Copy the lines of the data below exactly, starting at the first and stopping after the line that contains "جنگل‌های بلوط فارس،"; include no pictures.

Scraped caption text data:
—————

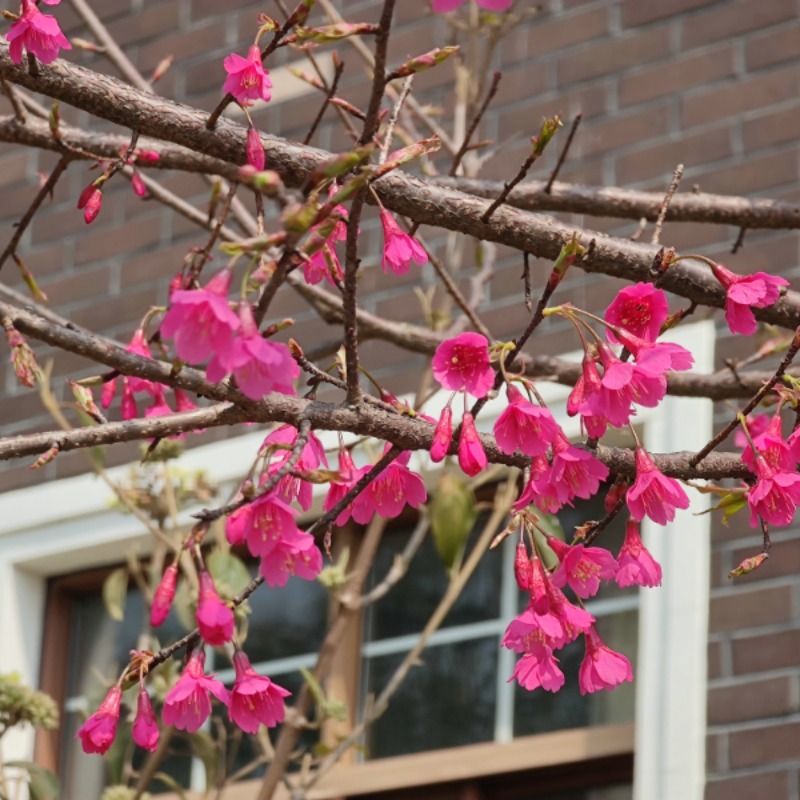 正宗中国红樱花 樱花苗 庭院绿化日本樱花苗 樱花树苗 晚樱嫁接苗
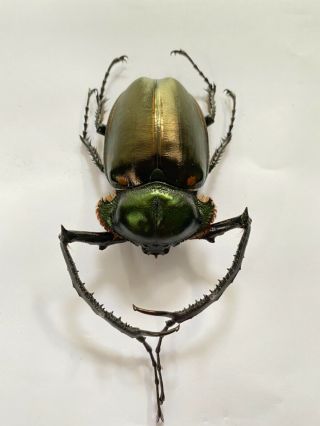 7263 Unmounted insect beetle Coleoptera Vietnam (Cheirotonus jansoni) 2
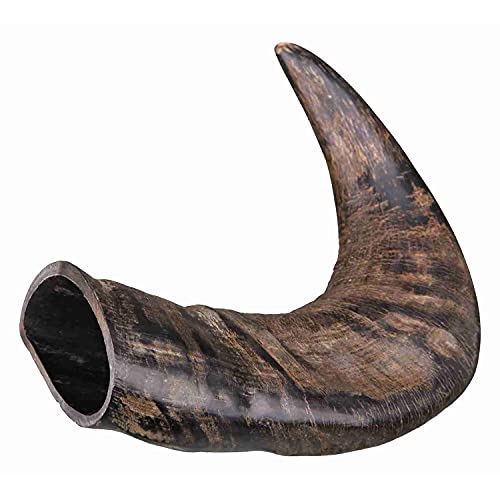 TX-27742 Buffalo Chewing Horn medium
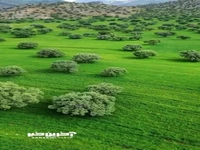 جنگل‌های بلوط فارس، جایی که طبیعت دست به شاهکار زده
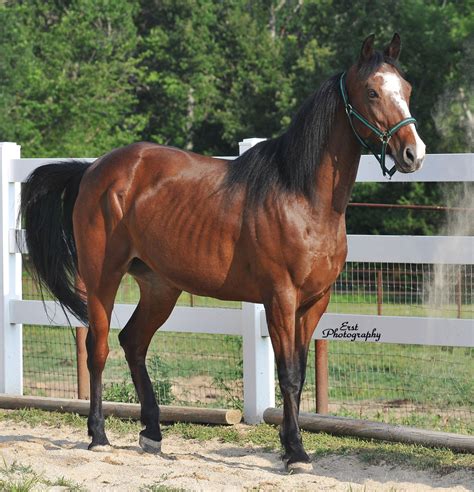 missouri fox trotter horse | Missouri Fox Trotters | Horses, Beautiful horses, Horse breeds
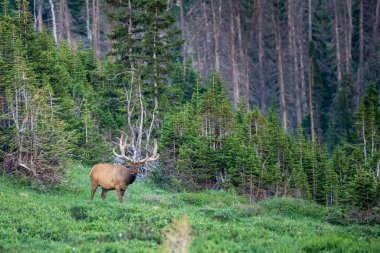 Büyük Raflı Geyik Kayalık Dağ Milli Parkı 'ndaki yüksek bir çayırda Kadife içinde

—————

Reply to the task:
 正宗中国红樱花 樱花苗 庭院绿化日本樱花苗 樱花树苗 晚樱嫁接苗
 7263 Unmounted insect beetle Coleoptera Vietnam (Cheirotonus jansoni) 2
 TX-27742 Buffalo Chewing Horn medium
 جنگل‌های بلوط فارس، جایی که طبیعت دست به شاهکار زده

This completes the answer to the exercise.